SPINNING on drop spindle or wheel

We carry spinning wheels by The Merlin Tree, (the Hitchiker and the Road Bug), handcrafted spindles and tools for spinning & yarn-making, fibers, roving, top, and locks and effect fibers for adding texture and sparkle.

FELT MAKING is an Ancient Process

At The Sheep Shoppe, we have materials and instruction for you to explore your creativity through felt making. 

There are several ways to make felt and your method will generally be determined by what you would like to make.  Below are descriptions and photos of the different kinds of felt making. Find more inspiring photos and sign up for classes here.


Wet felting refers to any kind of felt making that uses water, heat, and agitation.  Whether nuno, 3D with a resist, plain wool felt, or a new felting style called ArtFelt, the technique is pretty much the same.  The fibers are laid out on a textured mat, such as bubble wrap or a bamboo curtain.  In the most basic felt making, the fibers must be strategically crossed in layers in order to get them to lock together.  The layout is always part of the design element and is where much of your creativity comes in!  Different colors and/or fibers can be used to create your unique design. 

Soap and hot water are then introduced and the piece is thoroughly wetted with hot water and carefully rubbed with a little bit of soap (preferably pure olive oil soap)  to lock the design in place and get the felting process started.  The piece is then rolled up and the bubble wrap or mat is secured with ties at each end.  After the mat has rolled up and secured, pressure and motion are applied to the roll with the hands and forearms as the mat is rolled to get the fibers to lock together.  The roll must be opened after a period of rolling and the piece turned and rolled again the opposite way to insure all the shrinkage is not in one direction only.  Once the piece is well felted so that it will not fall apart, the wrap is removed and other techniques are used for fulling, or finishing the felted piece. 

In more advanced felt making, forms and resists are utilized to make effects on the felted fabric and also to create 3 dimensional shapes. The technique known as nuno felting can be used effectively in both 3 dimensional and flat felting but refers to the incorporation of silk fabric. Nuno felting is often employed for making wearable art works. (Link to Cristina's class)

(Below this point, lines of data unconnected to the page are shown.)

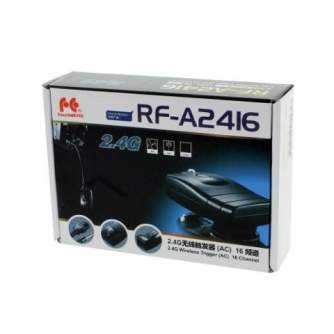 Triggers - Falcon Eyes Radio Trigger Set RF-A2416 - buy today in store and with delivery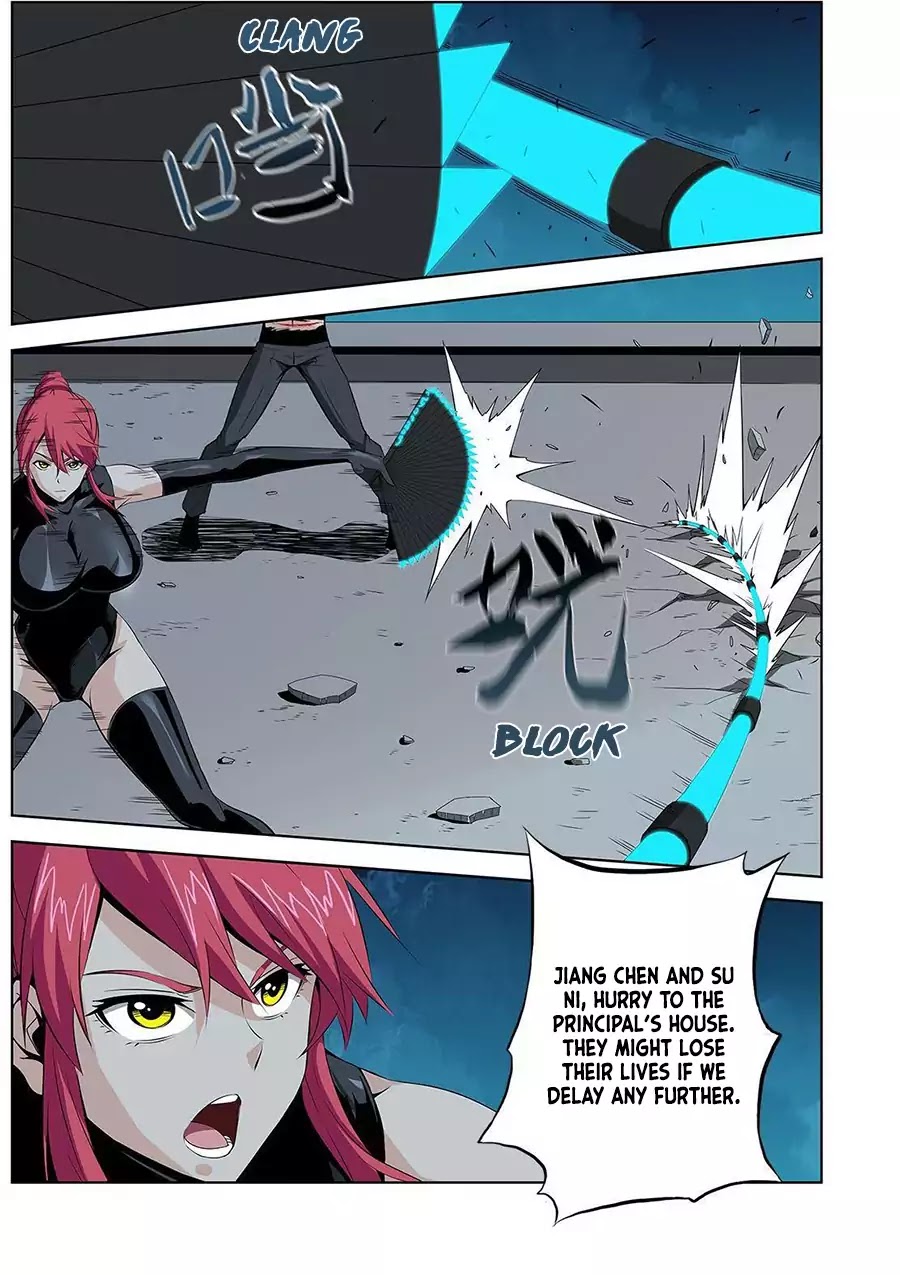Life and Death – The Song of The Night Chapter 17 - Page 17
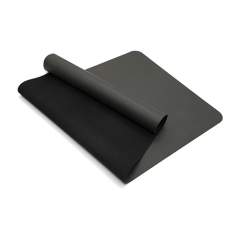 Newest upgraded PU super antislip material natural rubber yoga mat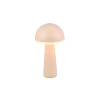 Lampe De Table Reality Fungo Led Beige, 1 Lumiere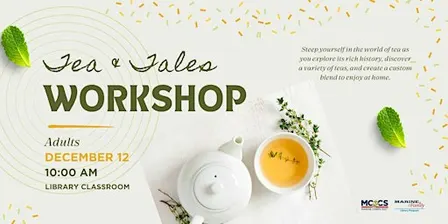 Tea & Tales Workshop
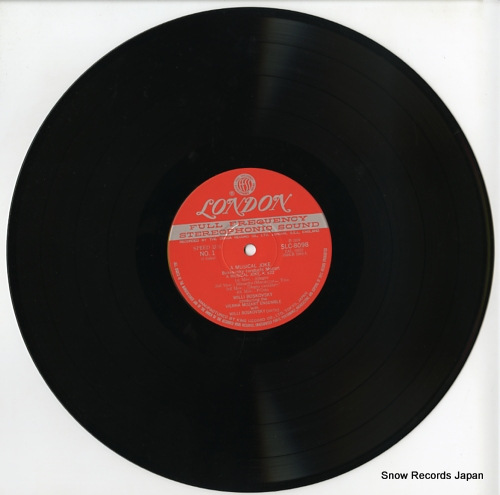 BOSKOVSKY, WILLI mozart; a musical joke SLC8098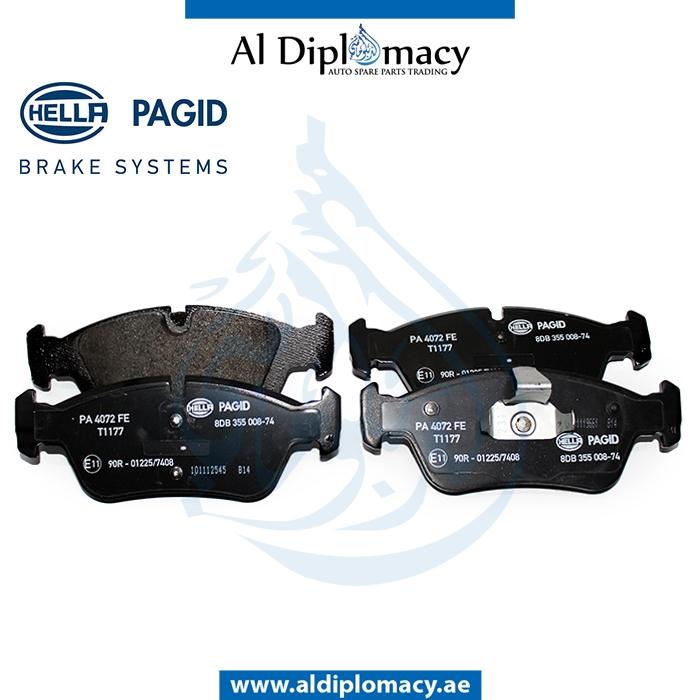 BRAKE PAD REAR 8DB 355.008-741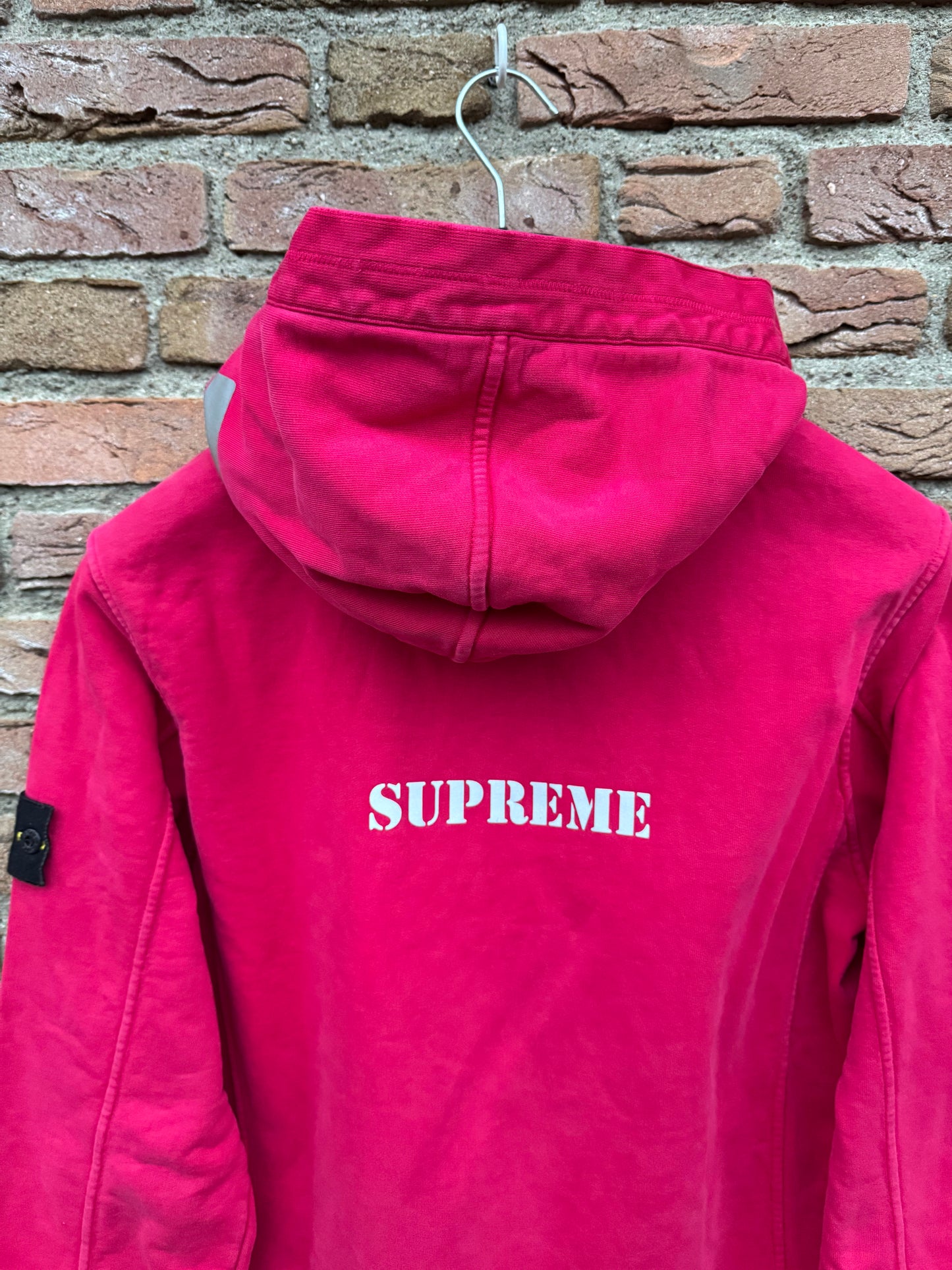 Stone Island x Supreme Hoodie - M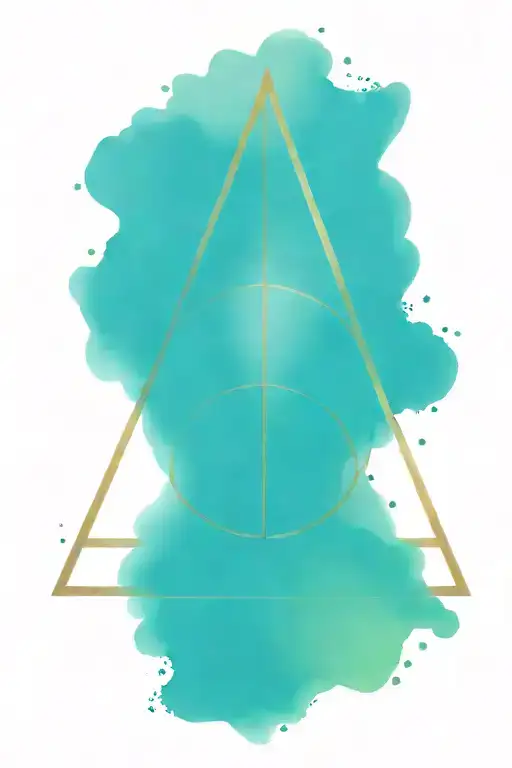 harry potter deathly hallows with always until the end tattoo design idea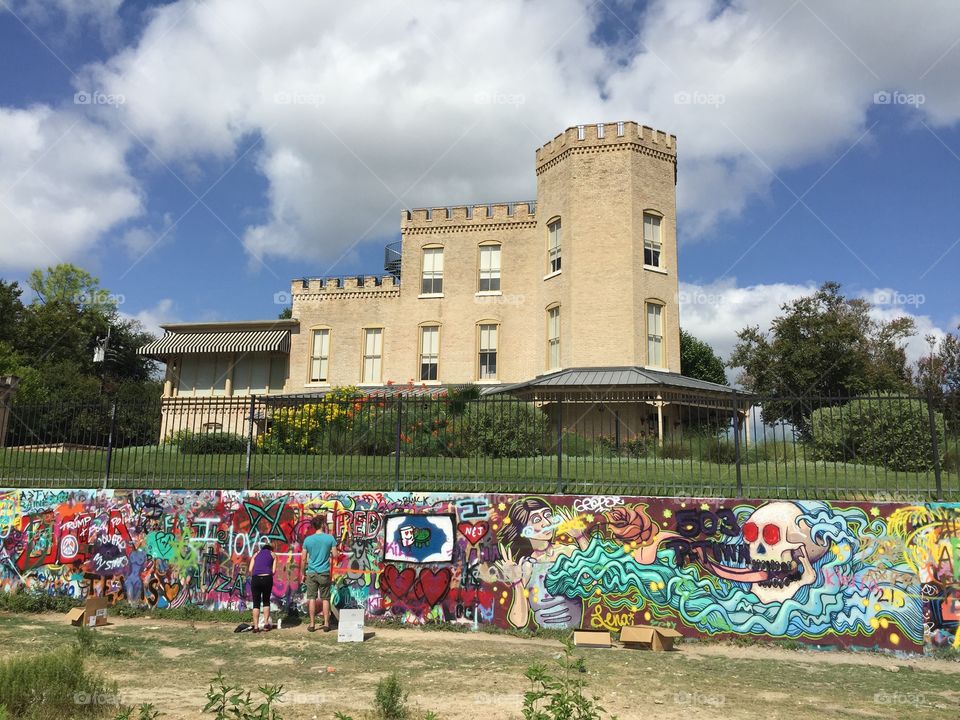 Baylor St, Graffiti Park . Austin Trip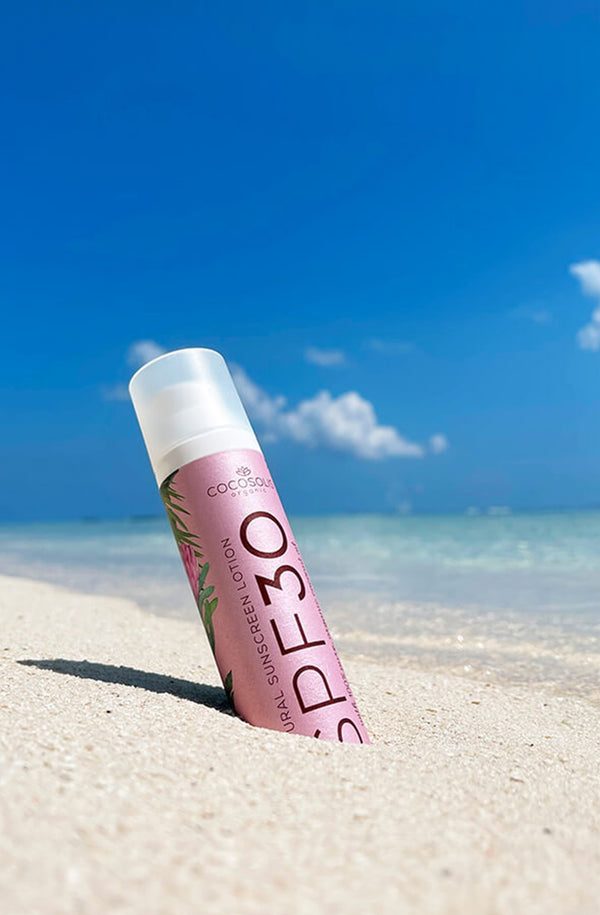 COCOSOLIS Natural Sunscreen Lotion - Spf30
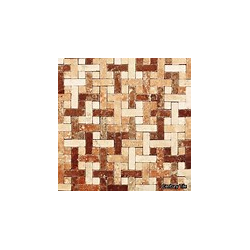 FH FLOOR TILE 300 x 300mm CEREMIC GOLD PATTERN D94D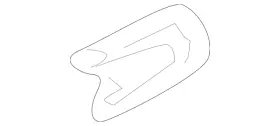 Mr777013 Mitsubishi Genuine Lock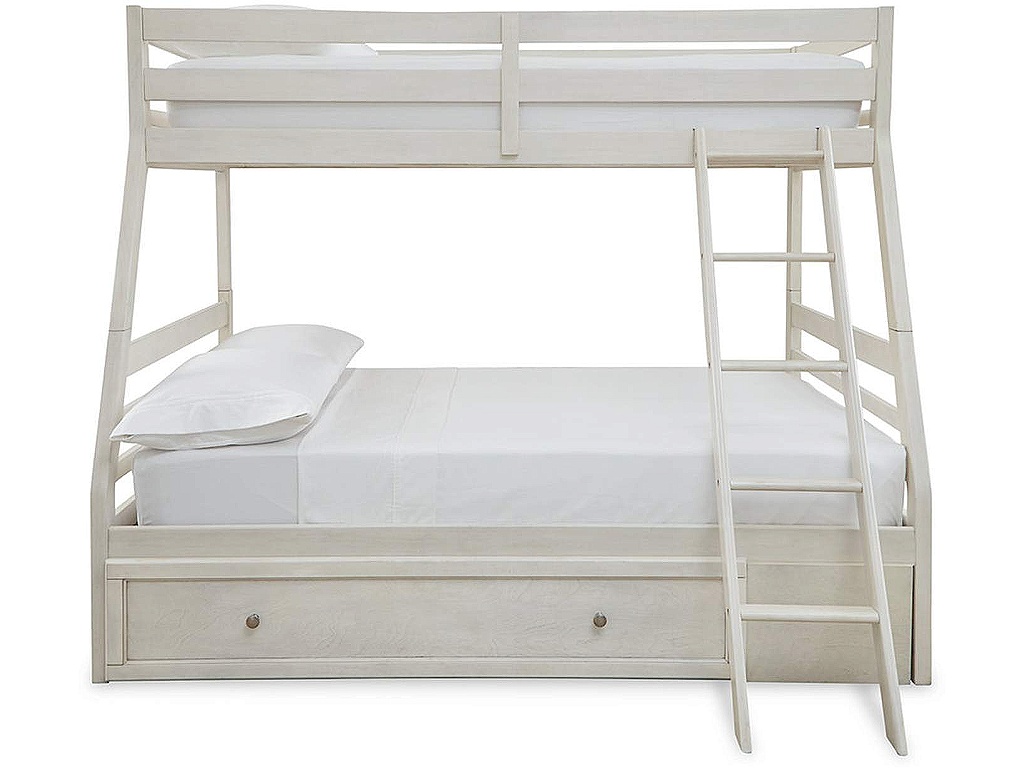 Robbinsdale Twin over Full Bunk Bed with Storage - image 3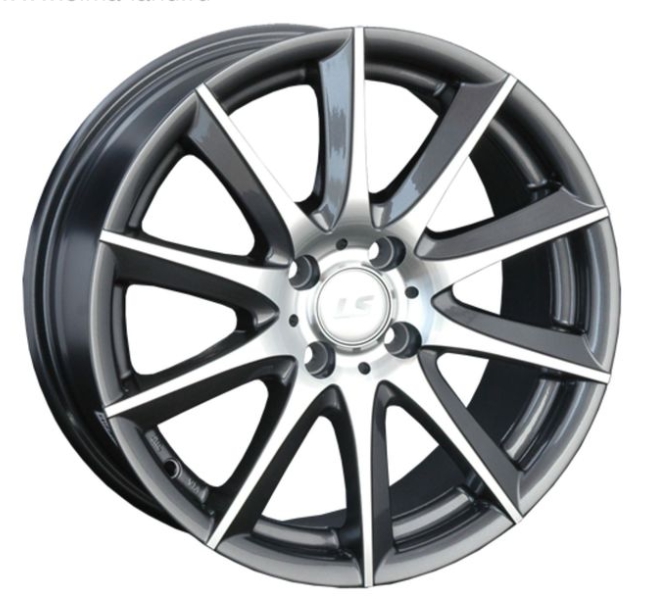 Колесный диск LS 286 R15 6.5J 5x112 ET45 DIA57.1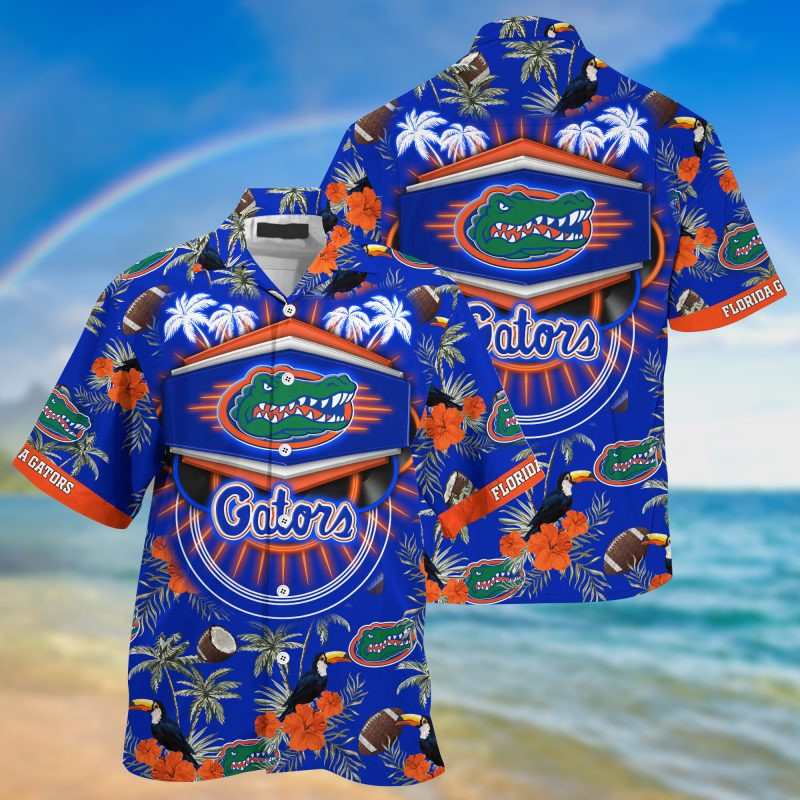 Florida Gators NCAA – Hawaii Shirt For This Season – Gift For Sport Lovers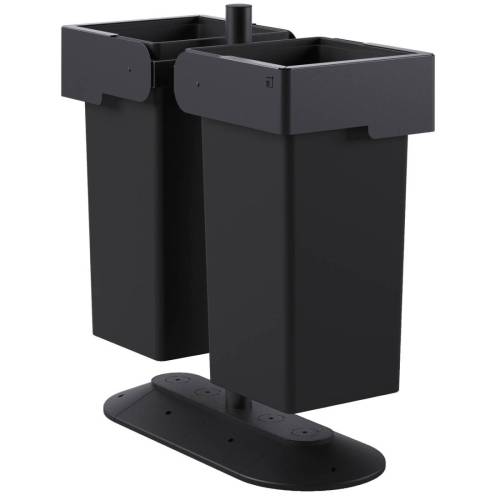 Portarifiuti MODULA - da terra - con...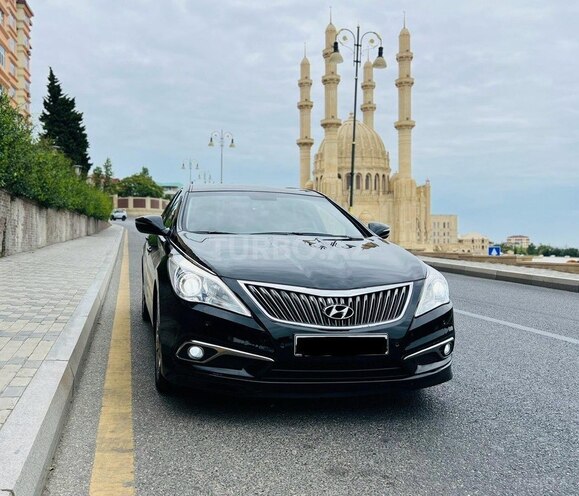 Hyundai Grandeur 2014, 258,000 km - 2.2 l - Bakı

It doesn't stop there!  Some of the things you can make are beads, faux flowers, vessels, footwear, gloves, mittens, shawls and clothing, dolls, toys, puppets, just about anything your imagination can cook up can be made from felt!

See the gallery of felt making here to get inspired and see the difference between different kinds of felt making.

Age is not a factor in felt making! As long as you can keep your mind and body focused, you can make felt!

See our list of felt making classes here!


Needle felting is a relatively new craft that has become quite popular.  It's sometimes referred to as dry felting because no water is necessary like in traditional felt making.  Needle felting is done by hand with a tool known as a felting needle. This tool is actually a needle from a commercial felting machine that makes non-woven batts for quilts, or felt fabric from wool and other fibers for interior and hardware applications.  The felting needle is sharp and pointy with barbs on the end.  When you introduce it to wool fibers by stabbing the needle into them, the motion of the barbs causes the fibers to tangle together. The more the wool is needled, the tighter and smaller it becomes.  The piece shrinks and takes on a shape that depends on where and how much you stab into it with the needle.  Details like color and naturalism are usually added once a basic shape has been formed.  This kind of needle felting is employed to create ornaments, softies, and dolls.  Whether or not it becomes a piece of art is up to you!   

Needle felting can also be used to apply designs in wool fiber, fabric, or yarn to woolen fabrics like sweaters and blankets, or even pieces of felt or pre-felt fabric to create a painting in wool.  The same stabbing technique is used but the piece is laid flat on a soft, porous mat at least an inch or two thick, open or closed cell foam, to protect the table below as well as prevent the needle from breaking by hitting a hard surface.  Needle felted artworks that are created flat are sometimes then wet-felted or fulled to give a smoother, tighter finish.